Assignment: Repeat each entry exactly; omit all pictures.

─── Data for the task ───

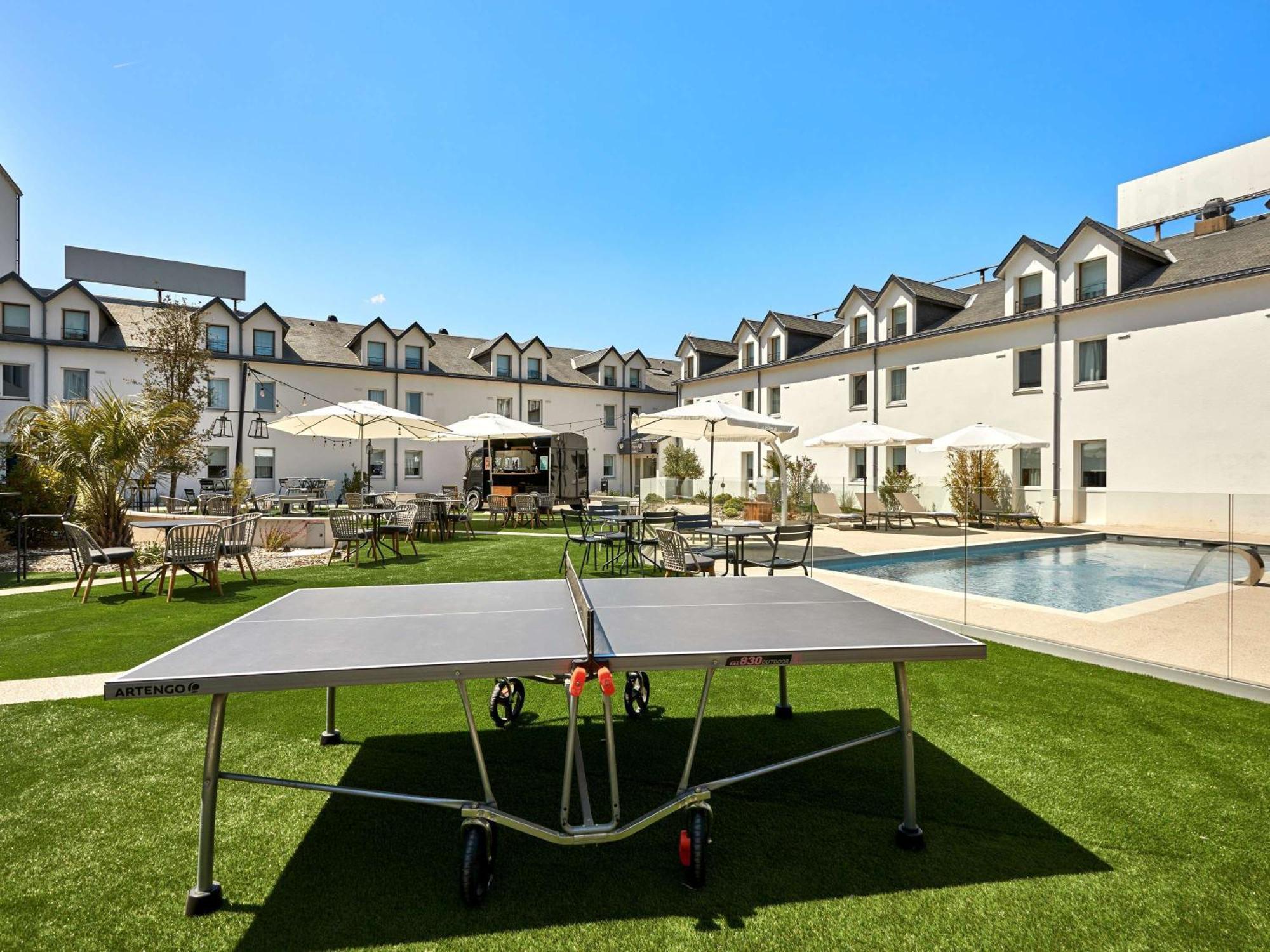 Ibis La Roche Sur Yon Vendespace Mouilleron-le-Captif ภายนอก รูปภาพ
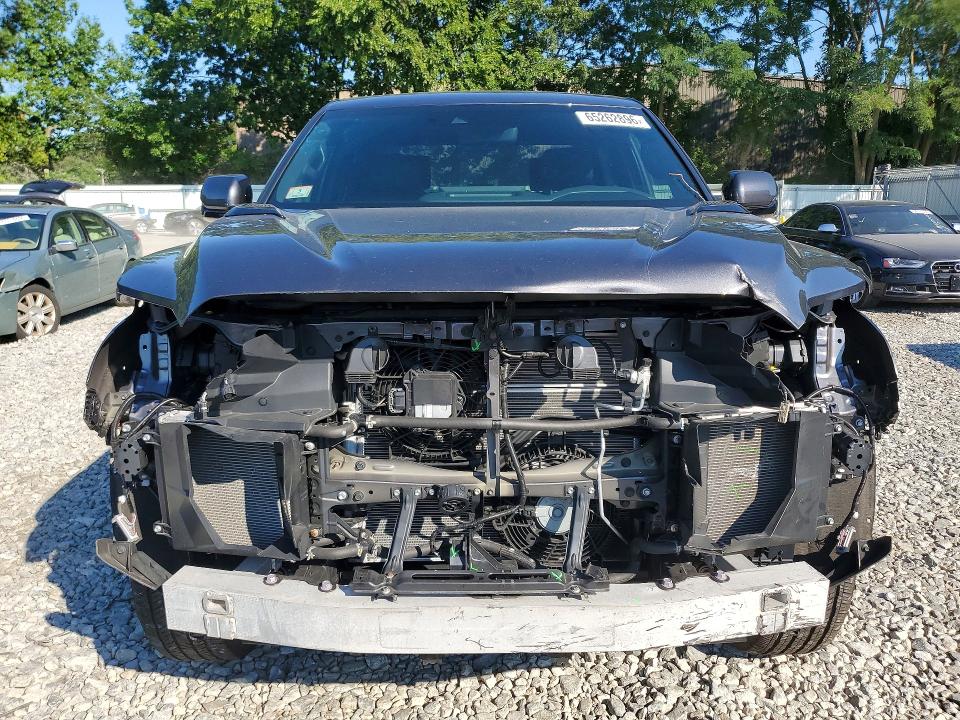 Photo 5 from auction – 2024 TOYOTA TUNDRA with VIN 5TFNC5DB6RX052310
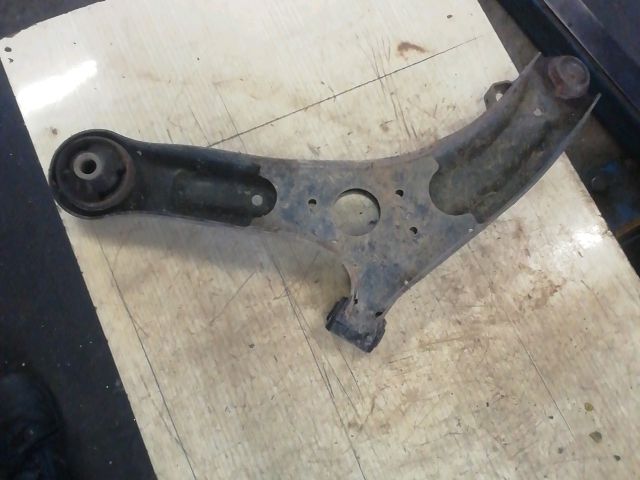 bontott KIA PICANTO Jobb első Lengőkar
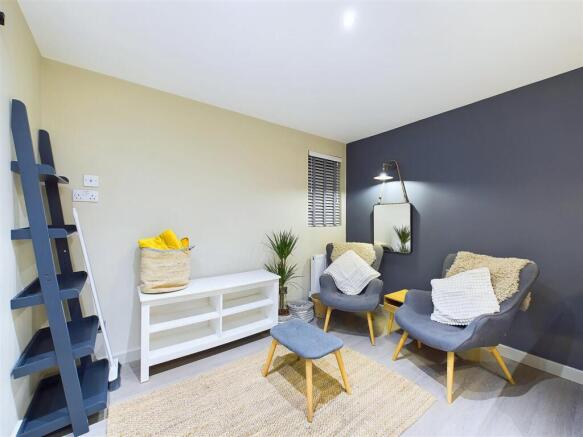 1 bed Apartment to rent Image 4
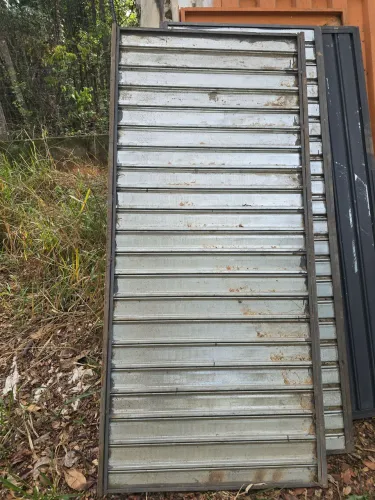 Portas em aço reforçado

───

Solution for this task:
 Ibis La Roche Sur Yon Vendespace Mouilleron-le-Captif ภายนอก รูปภาพ
 Photo 5 from auction – 2024 TOYOTA TUNDRA with VIN 5TFNC5DB6RX052310
 bontott KIA PICANTO Jobb első Lengőkar
 1 bed Apartment to rent Image 4
 Portas em aço reforçado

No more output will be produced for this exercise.